The iPhone itself is a game changer, few could deny that, but much like iTunes was the real power behind the iPod, the App Store has been the big game changer for our industry.

We didn’t all immediate realize the power of the App Store, in fact my partners wrote an interesting post in 2009 about how little revenue Apple was making from apps.  But today, we have seen companies emerge as App providers and other that have started as popular Apps and then expand to other platforms.  Rovio, makers of Angry Birds, Pulse*, Instagram, Uber and Foursquare are just a few examples of companies that have seen incredible success as mobile apps.

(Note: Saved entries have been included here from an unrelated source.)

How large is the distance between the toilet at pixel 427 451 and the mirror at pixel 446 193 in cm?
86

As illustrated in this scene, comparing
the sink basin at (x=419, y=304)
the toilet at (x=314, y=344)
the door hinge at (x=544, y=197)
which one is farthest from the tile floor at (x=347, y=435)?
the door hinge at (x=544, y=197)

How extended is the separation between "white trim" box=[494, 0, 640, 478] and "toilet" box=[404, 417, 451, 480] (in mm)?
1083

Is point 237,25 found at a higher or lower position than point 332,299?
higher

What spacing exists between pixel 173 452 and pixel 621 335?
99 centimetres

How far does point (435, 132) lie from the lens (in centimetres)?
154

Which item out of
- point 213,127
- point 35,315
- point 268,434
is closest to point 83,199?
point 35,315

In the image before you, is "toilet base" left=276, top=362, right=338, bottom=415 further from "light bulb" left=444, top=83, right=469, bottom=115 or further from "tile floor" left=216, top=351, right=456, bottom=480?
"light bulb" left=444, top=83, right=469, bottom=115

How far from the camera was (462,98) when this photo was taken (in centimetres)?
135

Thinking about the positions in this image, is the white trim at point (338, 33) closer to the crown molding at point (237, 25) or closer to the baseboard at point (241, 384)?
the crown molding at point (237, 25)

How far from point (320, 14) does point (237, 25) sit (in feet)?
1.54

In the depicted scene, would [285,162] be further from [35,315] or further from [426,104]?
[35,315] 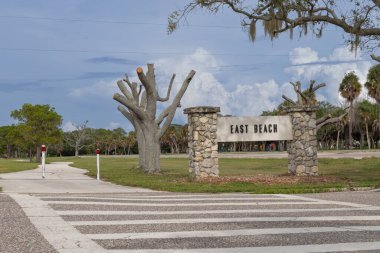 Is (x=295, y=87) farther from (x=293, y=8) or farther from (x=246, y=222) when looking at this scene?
(x=246, y=222)

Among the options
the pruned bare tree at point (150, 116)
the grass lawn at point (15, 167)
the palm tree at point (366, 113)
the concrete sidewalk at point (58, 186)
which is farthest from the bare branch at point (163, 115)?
the palm tree at point (366, 113)

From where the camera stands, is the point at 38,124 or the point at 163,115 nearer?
the point at 163,115

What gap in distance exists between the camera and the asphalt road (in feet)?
21.1

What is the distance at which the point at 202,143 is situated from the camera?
19016mm

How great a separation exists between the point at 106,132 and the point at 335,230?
423ft

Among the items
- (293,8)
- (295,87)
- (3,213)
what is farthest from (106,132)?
(3,213)

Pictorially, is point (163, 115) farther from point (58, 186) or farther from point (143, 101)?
point (58, 186)

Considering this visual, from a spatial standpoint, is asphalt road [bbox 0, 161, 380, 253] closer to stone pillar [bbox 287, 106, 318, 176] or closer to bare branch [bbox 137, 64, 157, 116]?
stone pillar [bbox 287, 106, 318, 176]

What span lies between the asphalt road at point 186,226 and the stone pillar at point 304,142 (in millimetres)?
8597

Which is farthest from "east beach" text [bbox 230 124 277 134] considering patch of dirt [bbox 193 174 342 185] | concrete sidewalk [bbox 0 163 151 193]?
concrete sidewalk [bbox 0 163 151 193]

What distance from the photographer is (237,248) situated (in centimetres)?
636

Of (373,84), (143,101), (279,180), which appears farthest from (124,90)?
(373,84)

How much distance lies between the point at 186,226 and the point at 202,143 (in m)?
11.2

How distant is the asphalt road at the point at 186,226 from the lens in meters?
6.43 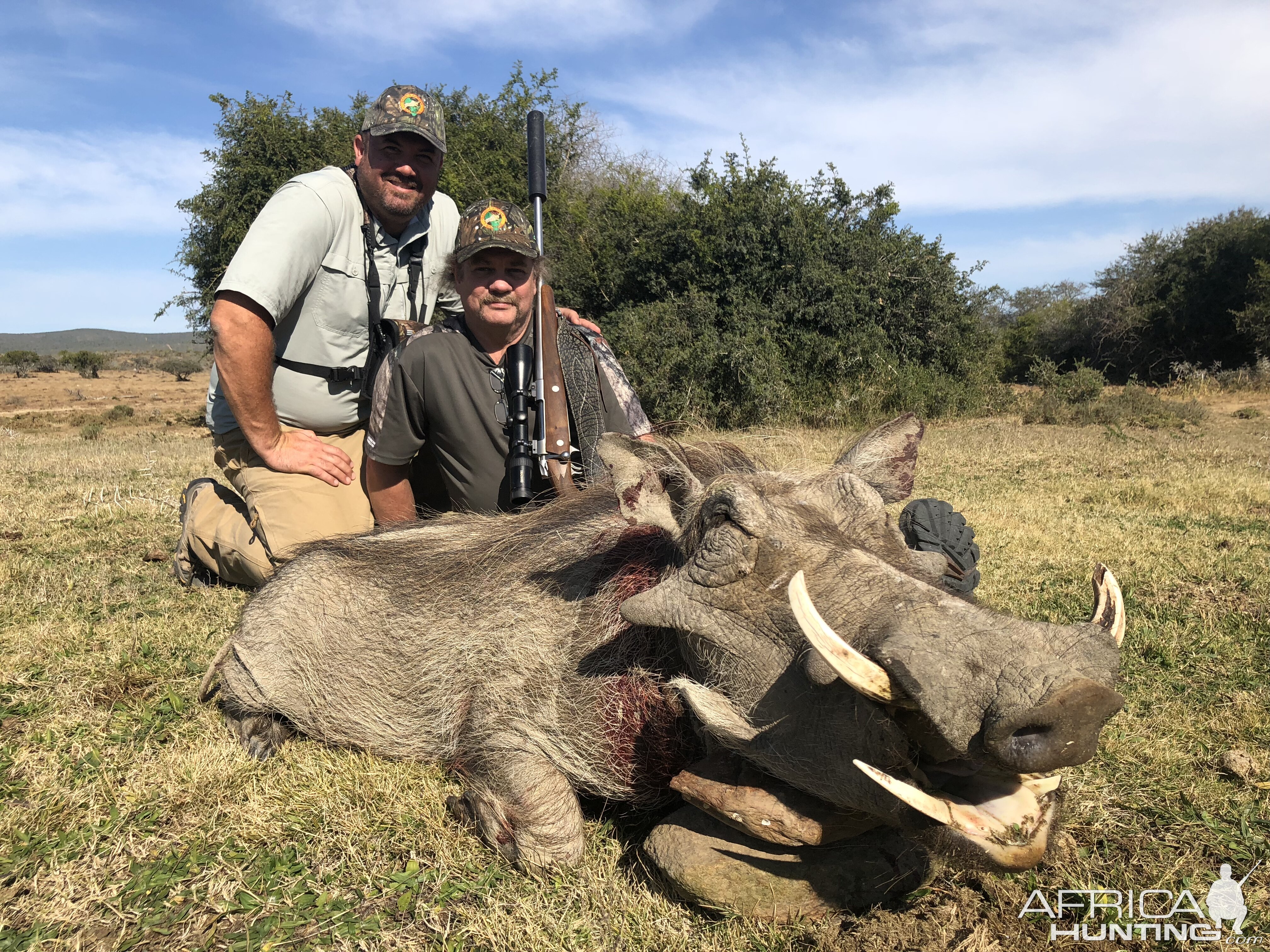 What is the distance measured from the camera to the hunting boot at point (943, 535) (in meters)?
3.14

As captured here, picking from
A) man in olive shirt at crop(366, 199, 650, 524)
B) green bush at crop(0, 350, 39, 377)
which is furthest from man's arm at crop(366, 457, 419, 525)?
green bush at crop(0, 350, 39, 377)

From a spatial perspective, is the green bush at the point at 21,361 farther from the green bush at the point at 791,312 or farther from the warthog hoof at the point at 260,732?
the warthog hoof at the point at 260,732

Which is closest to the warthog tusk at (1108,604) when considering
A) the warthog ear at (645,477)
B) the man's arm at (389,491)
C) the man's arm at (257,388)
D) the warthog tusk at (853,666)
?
the warthog tusk at (853,666)

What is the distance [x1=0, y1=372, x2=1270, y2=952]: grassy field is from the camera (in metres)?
2.05

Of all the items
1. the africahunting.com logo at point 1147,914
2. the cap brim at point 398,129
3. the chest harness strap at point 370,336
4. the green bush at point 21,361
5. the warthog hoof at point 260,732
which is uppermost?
the green bush at point 21,361

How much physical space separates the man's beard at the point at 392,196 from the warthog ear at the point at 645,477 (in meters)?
2.62

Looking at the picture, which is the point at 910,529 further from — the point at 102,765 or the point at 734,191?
the point at 734,191

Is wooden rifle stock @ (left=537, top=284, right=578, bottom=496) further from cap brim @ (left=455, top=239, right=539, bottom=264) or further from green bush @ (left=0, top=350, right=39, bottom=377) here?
green bush @ (left=0, top=350, right=39, bottom=377)

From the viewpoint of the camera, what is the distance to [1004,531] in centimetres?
559

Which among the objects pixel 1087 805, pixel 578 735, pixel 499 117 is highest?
pixel 499 117

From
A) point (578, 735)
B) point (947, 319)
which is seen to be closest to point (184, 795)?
point (578, 735)

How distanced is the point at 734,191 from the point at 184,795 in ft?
45.5

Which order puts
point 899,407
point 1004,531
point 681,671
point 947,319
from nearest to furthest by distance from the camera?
1. point 681,671
2. point 1004,531
3. point 899,407
4. point 947,319

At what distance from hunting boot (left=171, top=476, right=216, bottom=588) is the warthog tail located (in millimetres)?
1547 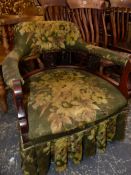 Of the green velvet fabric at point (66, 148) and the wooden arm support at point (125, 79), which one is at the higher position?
the wooden arm support at point (125, 79)

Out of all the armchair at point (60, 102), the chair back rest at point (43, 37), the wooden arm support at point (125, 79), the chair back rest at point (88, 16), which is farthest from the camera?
the chair back rest at point (88, 16)

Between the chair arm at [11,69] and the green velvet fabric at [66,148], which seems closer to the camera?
the chair arm at [11,69]

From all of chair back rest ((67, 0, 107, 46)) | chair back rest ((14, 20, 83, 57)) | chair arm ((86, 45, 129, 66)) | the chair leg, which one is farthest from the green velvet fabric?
chair back rest ((67, 0, 107, 46))

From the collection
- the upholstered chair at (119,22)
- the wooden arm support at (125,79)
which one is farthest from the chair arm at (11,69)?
the upholstered chair at (119,22)

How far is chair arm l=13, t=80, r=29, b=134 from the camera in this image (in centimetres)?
92

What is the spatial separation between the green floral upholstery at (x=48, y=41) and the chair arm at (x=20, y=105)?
32 centimetres

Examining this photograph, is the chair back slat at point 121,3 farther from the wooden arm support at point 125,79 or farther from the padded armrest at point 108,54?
the wooden arm support at point 125,79

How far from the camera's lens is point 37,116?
1079mm

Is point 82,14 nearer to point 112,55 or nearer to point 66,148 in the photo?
point 112,55

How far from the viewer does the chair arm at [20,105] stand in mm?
916

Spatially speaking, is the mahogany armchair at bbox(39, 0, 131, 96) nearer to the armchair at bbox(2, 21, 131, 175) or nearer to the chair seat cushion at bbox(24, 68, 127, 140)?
the armchair at bbox(2, 21, 131, 175)

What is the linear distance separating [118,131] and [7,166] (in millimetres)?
802

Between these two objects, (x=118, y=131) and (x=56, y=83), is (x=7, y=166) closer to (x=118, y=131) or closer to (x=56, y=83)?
(x=56, y=83)

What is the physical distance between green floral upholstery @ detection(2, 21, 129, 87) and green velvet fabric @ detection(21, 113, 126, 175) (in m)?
0.43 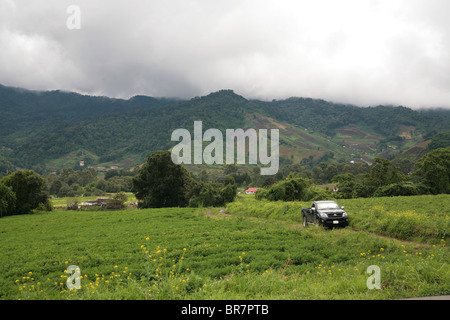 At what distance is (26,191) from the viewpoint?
150 ft

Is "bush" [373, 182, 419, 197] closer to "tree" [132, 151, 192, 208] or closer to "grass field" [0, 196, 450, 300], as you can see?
"grass field" [0, 196, 450, 300]

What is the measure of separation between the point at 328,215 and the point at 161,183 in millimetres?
39972

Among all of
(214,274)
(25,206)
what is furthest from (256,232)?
(25,206)

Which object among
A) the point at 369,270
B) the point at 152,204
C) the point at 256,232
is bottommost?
the point at 152,204

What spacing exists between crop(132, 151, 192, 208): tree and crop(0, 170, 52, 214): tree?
16.0m

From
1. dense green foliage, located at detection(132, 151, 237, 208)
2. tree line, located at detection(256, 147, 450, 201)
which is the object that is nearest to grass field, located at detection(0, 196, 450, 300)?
tree line, located at detection(256, 147, 450, 201)

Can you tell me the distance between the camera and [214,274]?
8.59m

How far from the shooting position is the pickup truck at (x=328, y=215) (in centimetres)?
1670

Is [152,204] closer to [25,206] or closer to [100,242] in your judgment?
[25,206]

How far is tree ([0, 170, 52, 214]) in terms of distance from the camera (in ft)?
147

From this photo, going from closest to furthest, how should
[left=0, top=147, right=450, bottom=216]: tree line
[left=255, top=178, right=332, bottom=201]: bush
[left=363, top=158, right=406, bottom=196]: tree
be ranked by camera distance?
[left=255, top=178, right=332, bottom=201]: bush < [left=0, top=147, right=450, bottom=216]: tree line < [left=363, top=158, right=406, bottom=196]: tree

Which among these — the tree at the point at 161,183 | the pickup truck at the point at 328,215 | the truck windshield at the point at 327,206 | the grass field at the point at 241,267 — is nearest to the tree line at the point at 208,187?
the tree at the point at 161,183

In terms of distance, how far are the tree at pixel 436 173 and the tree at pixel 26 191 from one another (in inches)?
2614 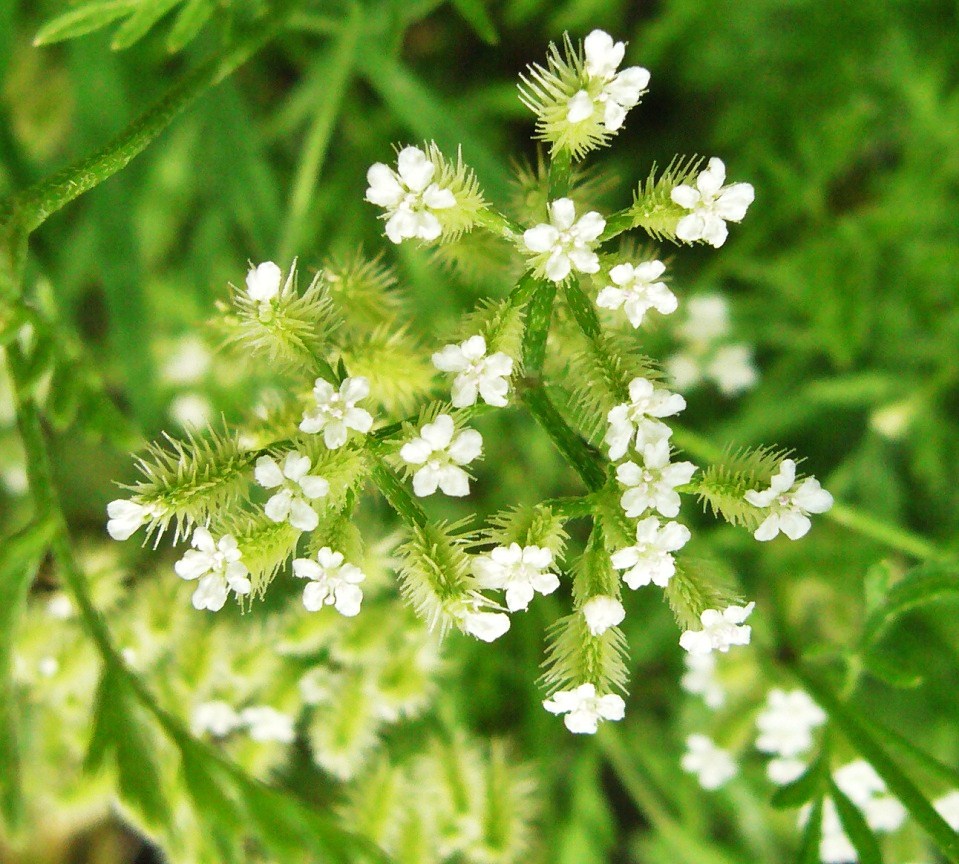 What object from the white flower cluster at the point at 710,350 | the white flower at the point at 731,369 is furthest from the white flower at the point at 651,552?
the white flower at the point at 731,369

In addition, the iPhone has played a big role in reducing the friction for consumers to use products from businesses that were previously web-centric such as TaskRabbit*, LivingSocial* and GrubHub* as well as retailers like Gilt.  These companies not only built better customer engagement through the iPhone but also attracted new users who discovered the brand for the first time on a mobile device.

Despite all of these early successes, the market is still in its infancy in many ways.  While it may seem that everyone we know has an iPhone or Android device, Nielson recently reported that only about 50 percent of US consumers have a smartphone today.  As that number grows, the audience and demand for new applications and types of mobile solutions will grow too.

For my part, I feel fortunate to have the opportunity to watch the market emerge and evolve and help companies take advantage of this amazing platform.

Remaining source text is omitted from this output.